**WHAT THIS TASK INVOLVES**
Your answer must be an exact copy of the listing, with the images left out.

**INFORMATION SHOWN**
##########
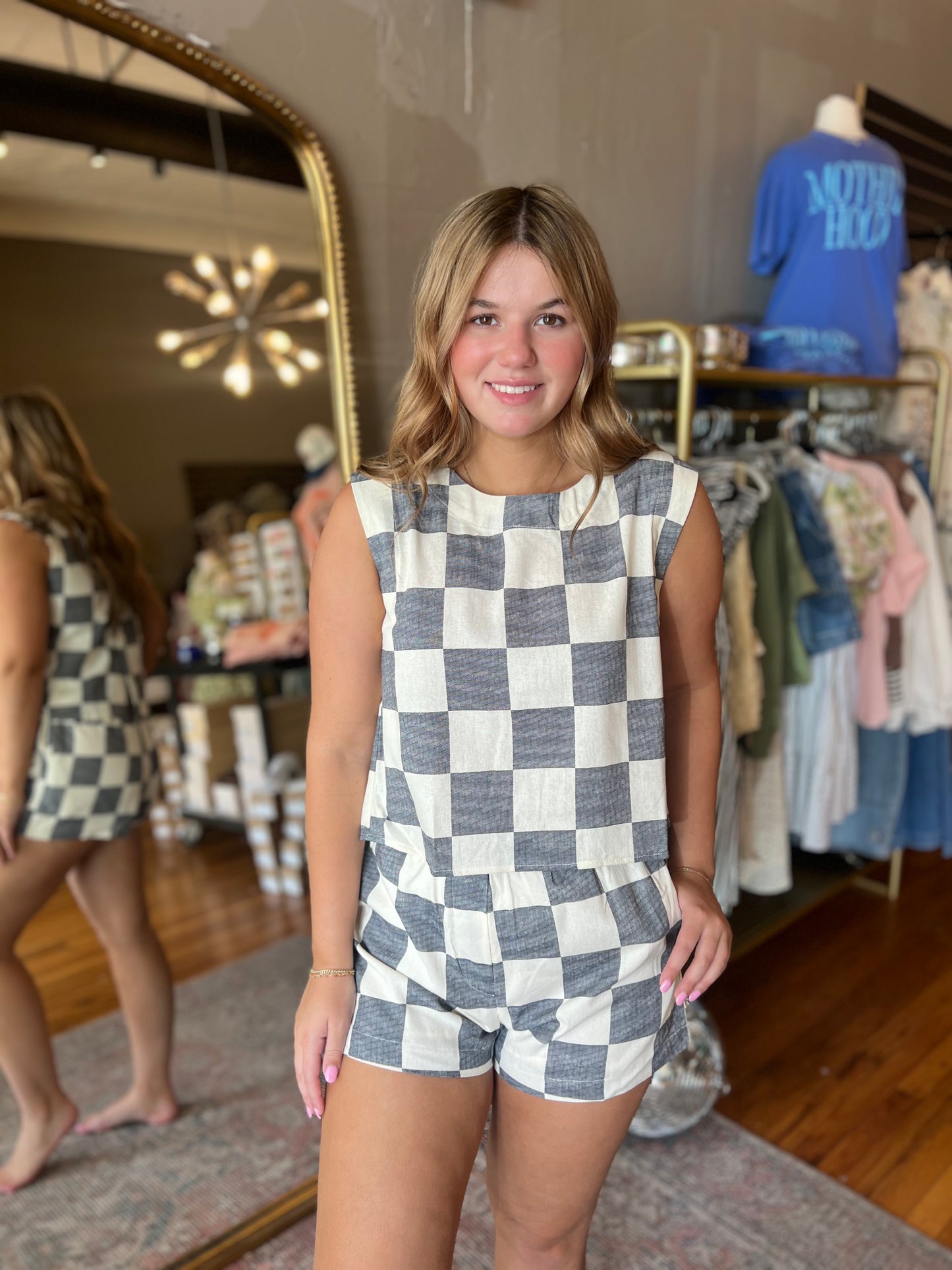 Navy Check Set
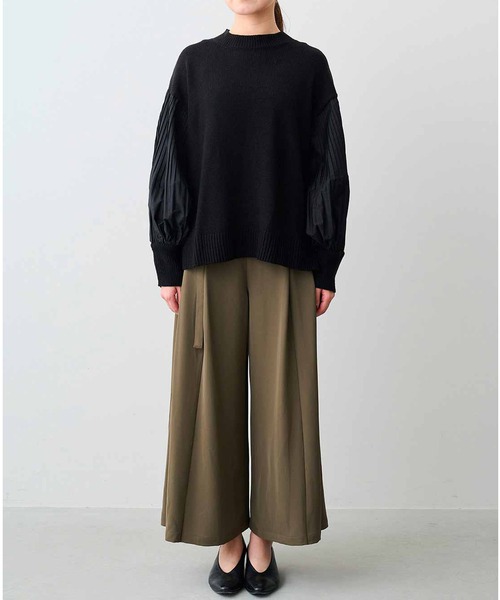 IEDIT(イディット)の「IEDIT タックプリーツデザインのワイドシルエットパンツ(その他パンツ・レディース・ブラック/カーキ・MEDIUM/LARGE/X-LARGE/XX-LARGE)」の11枚目の写真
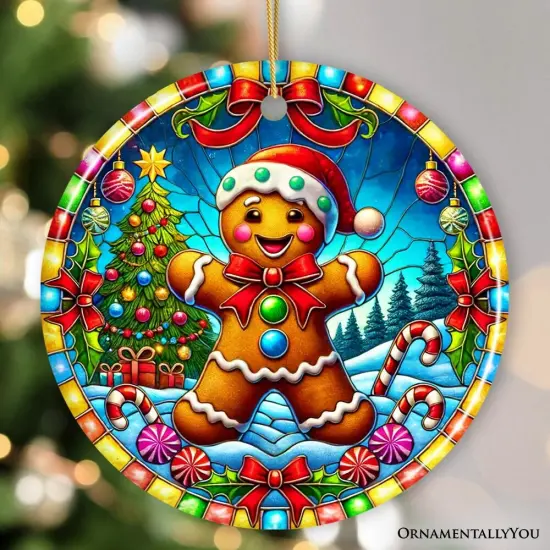 Festive Candyland Gingerbread Man Ornament, Sweet Christmas Gift {6}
##########
**WRITTEN RESPONSE**
 Navy Check Set
 IEDIT(イディット)の「IEDIT タックプリーツデザインのワイドシルエットパンツ(その他パンツ・レディース・ブラック/カーキ・MEDIUM/LARGE/X-LARGE/XX-LARGE)」の11枚目の写真
 Festive Candyland Gingerbread Man Ornament, Sweet Christmas Gift {6}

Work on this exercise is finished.